Munz Y, Moorthy K, Bann S, Shah J, Ivanova S, Darzi S. Ceiling effect in technical skills of surgical residents. Am J Surg. 2004 Sep; 188(3):294-300

PMID: 15450837


Objective evaluation of technical skills is now possible. The aim of this study was to evaluate whether a previously validated assessment tool can discriminate between junior and senior higher surgical trainees (HST) with regard to their technical skills.
Fifteen junior trainees (years 1 to 3) and 15 senior (years 4 to 6) were asked to perform a series of bench-model tasks, which included knot-tie at depth, vertical mattress suturing, sebaceous cyst excision, small bowel anastomosis, and saphenofemoral junction dissection. Analysis of performance included the Imperial College Surgical Assessment Device, which analyzed positional data such as total number of movements, total distance traveled, and time taken, and video-based qualitative evaluation of performance using global rating scales. In addition, all participants were asked to complete a self-assessment using exactly the same scoring system used by the observers. Statistical analysis included nonparametric tests and Cronbach's alpha was used for interrater reliability (IRR) A P value less than 0.05 was deemed significant.

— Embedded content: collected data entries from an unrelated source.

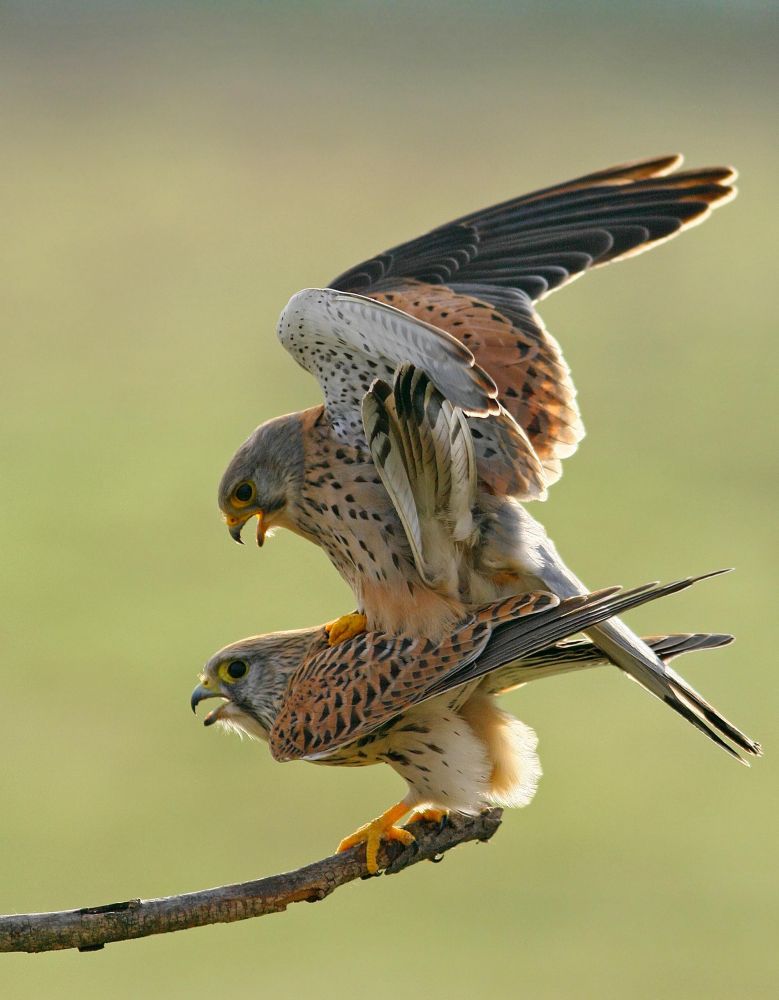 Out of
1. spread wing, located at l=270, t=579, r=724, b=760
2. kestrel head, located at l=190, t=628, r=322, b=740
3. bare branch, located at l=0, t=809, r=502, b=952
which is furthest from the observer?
kestrel head, located at l=190, t=628, r=322, b=740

There were no significant differences in performance between junior and senior trainees for most of the tasks (IRR was 0.8 to 0.9). However, significant differences in performance were noted, in favor of the junior group, for knot-tie at depth, for two of the three parameters measured (total number of movements, P = 0.004; time taken, P = 0.01).
In the absence of any significant differences between the groups, we can conclude that there is a ceiling effect (years 3 to 4) in performance beyond which pure technical skills, as measured by this tool, can no longer discriminate between levels of experience. Increasing the sensitivity of future assessment tools is necessary for better evaluation of performance levels. This finding also may imply that for the evaluation of senior trainees, other aspects of surgical competence should be assessed.